The “Paws” exhibit was incorporated into the initial summer-season training for both the large group of volunteer teenaged “Youth Volunteer Corps” (YVC) and the smaller group of paid adult “Roving Naturalist” (RN) interpreters. This training is held for both new interpreters as well as returning staff and provides a foundation on Brookfield’s approach to guest engagement and education that is expanded on with on-the-job experiences and regular (daily or weekly) team meetings. “Paws” was first discussed in interpreter training sessions and evaluated in a controlled meeting room where visitors were invited to participate in formative studies. The exhibit was then tested with regular visitor crowds as a temporary installation at the underwater polar bear viewing area, and later as a permanent installation. The interpreters involved in the study increased along with these changes in installation. Initially, a small subset of YVC group provided feedback, followed by a mix of YVC and RN interpreters, and then finally the whole RN team was included when the exhibit was permanently installed. This incremental approach to the research setting was intended to gradually increase the complexity of the situational demands on interpreters, as well as technical demands on the research and design team, allowing for design iterations on the “Paws” exhibit and support tool between each stage.

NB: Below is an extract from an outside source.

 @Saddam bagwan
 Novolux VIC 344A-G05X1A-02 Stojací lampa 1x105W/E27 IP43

3. Design process and findings
This section will review what our different design iterations revealed about the challenges of supporting content mastery, pedagogical content mastery, and ongoing professional development.

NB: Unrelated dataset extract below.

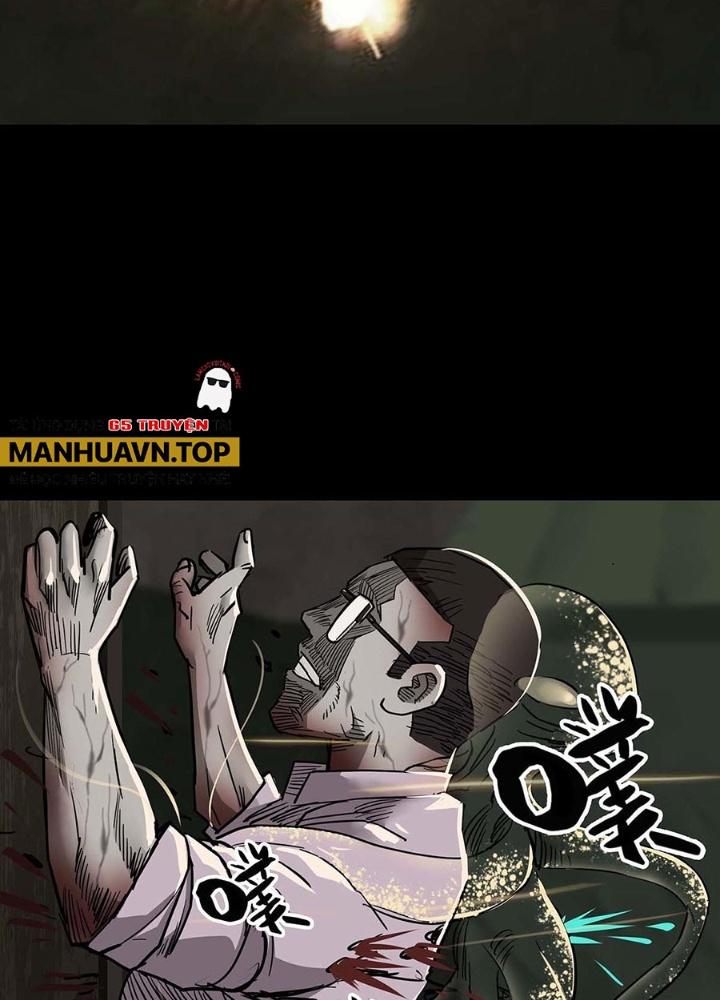 Quay Đầu Là Bờ Chapter 104 - Next Chapter 104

Support tool design for content mastery
Since earlier support tools used by interpreters mainly consisted of multimedia reference materials, the initial design approach was to provide a library of multimedia content—text, images, audio, video—that interpreters could access during visitor interactions. This library would be organized hierarchically for ease of navigation, and would be structured similarly to the paper-based training and reference materials that interpreters were already familiar with. This would allow the support tool to supplement interpreters’ knowledge by providing at-hand examples of concepts they were already familiar with, as well as allowing novices to have a convenient reference for content they were still learning.
However, we found that the interpreters used the hierarchically organized library only as a resource to be memorized and then discarded during interactions with visitors. The model of professional development interpreters brought to the experience (namely that reference materials were to be memorized in advance of visitor interactions) meant that our library approach for the support tool provided little in the way of active, in-the-moment scaffolding for interpreters’ content mastery. In debriefing interviews with the interpreters, we found two additional barriers to “live” use of media lay in our design: that navigating the interface required too much attention, and that in their judgment the information provided was not engaging enough to justify showing it directly to visitors.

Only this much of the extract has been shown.